Through this approach he has been able to uncover the very personal narrative of their daily lives and work pressures—the criticisms of compliance officers as being seen as cost centres and profit inhibiting, squeezed between two masters—their employer on the one hand and the regulator on the other. They feel underappreciated, the object of opprobrium for their trading-based colleagues. He further clearly demonstrates how the move from a rules based to a risk-based approach far from improving matters has actually increased levels of uncertainty. This leads him to derive what he refers to as ‘self-protecting theory’. This states that the more there is unfair pressures on compliance officers, the more they protect themselves rather than assist in regulation.
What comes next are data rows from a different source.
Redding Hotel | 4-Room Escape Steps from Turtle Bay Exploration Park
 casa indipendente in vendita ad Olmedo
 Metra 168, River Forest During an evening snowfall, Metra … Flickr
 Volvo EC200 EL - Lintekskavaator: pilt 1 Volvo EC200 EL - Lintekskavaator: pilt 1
However, rather than leaving things at this juncture he goes on to carefully construct an alternative approach to compliance that gives greater involvement to money laundering reporting officers as co-constructors of an AML framework in which they have control of their decision making.
This book makes an excellent contribution to literature on AML compliance, and as we enter the Fourth Round of FATF Mutual Evaluation, I recommend it as essential reading to policy makers.